Appellate Case: 25-1047 Document: 11-1 Date Filed: 03/19/2025 Page: 1 FILED United States Court of Appeals UNITED STATES COURT OF APPEALS Tenth Circuit
FOR THE TENTH CIRCUIT March 19, 2025 _________________________________ Christopher M. Wolpert Clerk of Court MARK IRLANDA,
Petitioner - Appellant,
v. No. 25-1047 (D.C. No. 1:24-CV-01980-LTB-RTG) MOSES STANCIL, Director of the CO (D. Colo.) Dept. of Corrections; BARRY GOODRICH, Warden, Crowley County Correctional Facility; THE ATTORNEY GENERAL OF THE STATE OF COLORADO,
Respondents - Appellees. _________________________________
ORDER DENYING CERTIFICATE OF APPEALABILITY* _________________________________
Before MATHESON, PHILLIPS, and McHUGH, Circuit Judges. _________________________________
To appeal the denial of an application for a writ of habeas corpus, the movant must
first obtain a Certificate of Appealability (“COA”). 28 U.S.C. § 2253(c)(1)(A).

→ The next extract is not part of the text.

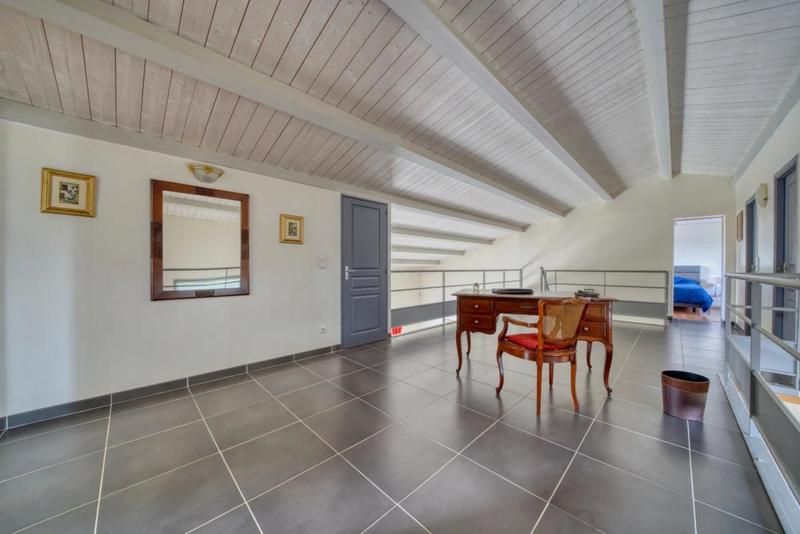 Maison - 180 m² - 7 pièces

Petitioner-Appellant Mark Irlanda, a prisoner in state custody, seeks a COA regarding
whether the district court erred by dismissing his habeas application as time barred.

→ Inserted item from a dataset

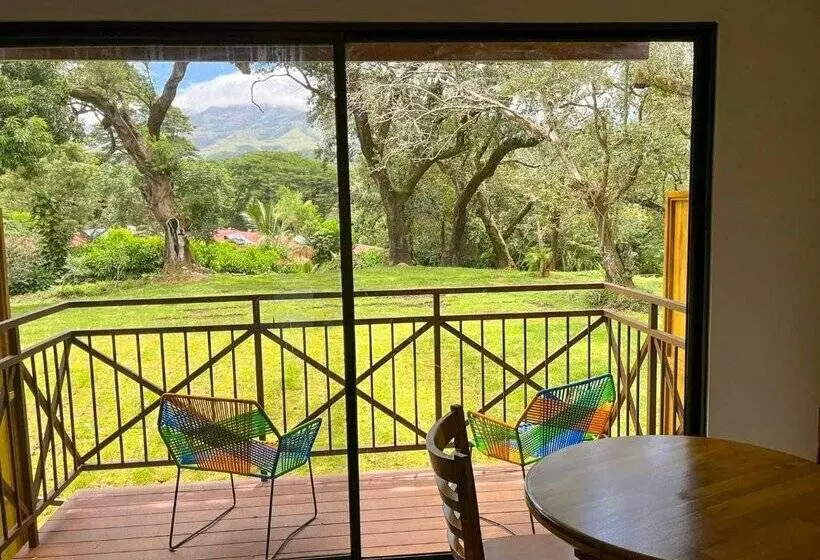 هتل Hacienda Guachipelin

Mr. Irlanda also moves to proceed in forma pauperis (“IFP”) on appeal. Because
reasonable jurists would agree the habeas application was barred by the Anti-Terrorism
* This order is not binding precedent except under the doctrines of law of the case, res judicata, and collateral estoppel. It may be cited, however, for its persuasive value consistent with Federal Rule of Appellate Procedure 32.1 and Tenth Circuit Rule 32.1. Appellate Case: 25-1047 Document: 11-1 Date Filed: 03/19/2025 Page: 2
and Effective Death Penalty Act’s (“AEDPA”) one-year statute of limitations, we deny
Mr. Irlanda’s application for a COA. We also deny Mr. Irlanda’s motion to proceed IFP
because he has not advanced a nonfrivolous argument in support of a COA.
I. BACKGROUND
On November 9, 2004, Mr. Irlanda was convicted in Colorado state court for
sexually assaulting a child and was sentenced to an indeterminate sentence of four years
to life. Mr. Irlanda’s direct appeal of that conviction concluded when the Colorado
Supreme Court denied his petition for review on May 12, 2008. Shortly after, on
July 28, 2008, Mr. filed a motion for a reduced sentence in state court, and when that
motion was denied, he appealed its denial to the Colorado Court of Appeals. At
Mr. Irlanda’s request, the court of appeals dismissed that appeal on January 12, 2009.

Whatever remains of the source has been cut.